Be it enacted by the Senate and House of Representatives of the
United States of America in Congress assembled,
SECTION 1. SHORT TITLE.
This Act may be cited as the ``Farmer and Entrepreneur Estate Tax
Relief Act of 2001''.
SEC. 2. FINDINGS.
Congress finds the following:
(1) The economy of the United States cannot achieve strong,
sustained growth without adequate levels of savings to fuel
productive activity. Inadequate savings have been shown to lead
to lower productivity, stagnating wages and reduced standards
of living.
(2) Savings levels in the United States have steadily
declined over the past 25 years, and have lagged behind the
industrialized trading partners of the United States.
(3) These anemic savings levels have contributed to the
country's long-term downward trend in real economic growth,
which averaged close to 3.5 percent over the last 100 years but
has slowed to 2.4 percent over the past quarter century.
(4) Congress should work toward reforming the entire
Federal tax code to end its bias against savings.
(5) Repealing the estate and gift tax would contribute to
the goals of expanding savings and investment, boosting
entrepreneurial activity, and expanding economic growth. The
estate tax is harmful to the economy because of its high
marginal rates and its multiple taxation of income.

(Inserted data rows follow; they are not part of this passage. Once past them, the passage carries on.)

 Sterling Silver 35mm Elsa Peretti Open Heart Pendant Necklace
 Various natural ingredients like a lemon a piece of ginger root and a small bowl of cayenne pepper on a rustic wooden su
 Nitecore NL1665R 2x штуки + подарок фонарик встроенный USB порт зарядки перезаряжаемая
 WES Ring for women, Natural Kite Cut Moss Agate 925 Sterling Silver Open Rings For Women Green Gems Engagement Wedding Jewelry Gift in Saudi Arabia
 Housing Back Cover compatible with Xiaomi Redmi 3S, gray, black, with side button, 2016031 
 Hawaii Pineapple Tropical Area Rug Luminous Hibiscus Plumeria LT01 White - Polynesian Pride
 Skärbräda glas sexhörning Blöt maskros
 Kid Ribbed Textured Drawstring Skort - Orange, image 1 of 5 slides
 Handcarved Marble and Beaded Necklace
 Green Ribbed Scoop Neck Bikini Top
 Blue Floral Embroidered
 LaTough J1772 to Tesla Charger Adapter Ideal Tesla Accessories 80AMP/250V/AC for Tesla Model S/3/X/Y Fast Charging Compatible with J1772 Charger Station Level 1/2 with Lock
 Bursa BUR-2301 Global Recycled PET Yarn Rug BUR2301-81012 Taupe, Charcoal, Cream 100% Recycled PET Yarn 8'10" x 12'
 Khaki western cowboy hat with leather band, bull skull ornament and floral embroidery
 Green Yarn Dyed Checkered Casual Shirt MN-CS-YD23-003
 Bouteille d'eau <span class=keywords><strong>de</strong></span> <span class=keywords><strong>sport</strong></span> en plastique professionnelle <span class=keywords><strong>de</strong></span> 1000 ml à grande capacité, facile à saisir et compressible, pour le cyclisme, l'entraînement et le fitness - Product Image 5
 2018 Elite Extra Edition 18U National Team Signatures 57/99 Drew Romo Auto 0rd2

(6) The repeal of the estate tax would increase the growth
of the small business sector, which creates a majority of new
jobs in our Nation. Estimates indicate that as many as 70
percent of small businesses do not make it to a second
generation and nearly 90 percent do not make it to a third.
(7) Eliminating the estate tax would lift the compliance
burden from farmers and family businesses. On average, family-
owned businesses spent over $33,000 on accountants, lawyers,
and financial experts in complying with the estate tax laws
over a 6.5-year period.
(8) Abolishing the estate tax would benefit the
preservation of family farms. Nearly 95 percent of farms and
ranches are owned by sole proprietors or family partnerships,
subjecting most of this property to estate taxes upon the death
of the owner. Due to the capital intensive nature of farming
and its low return on investment, farmers are 15 times more
likely to be subject to estate taxes than other Americans.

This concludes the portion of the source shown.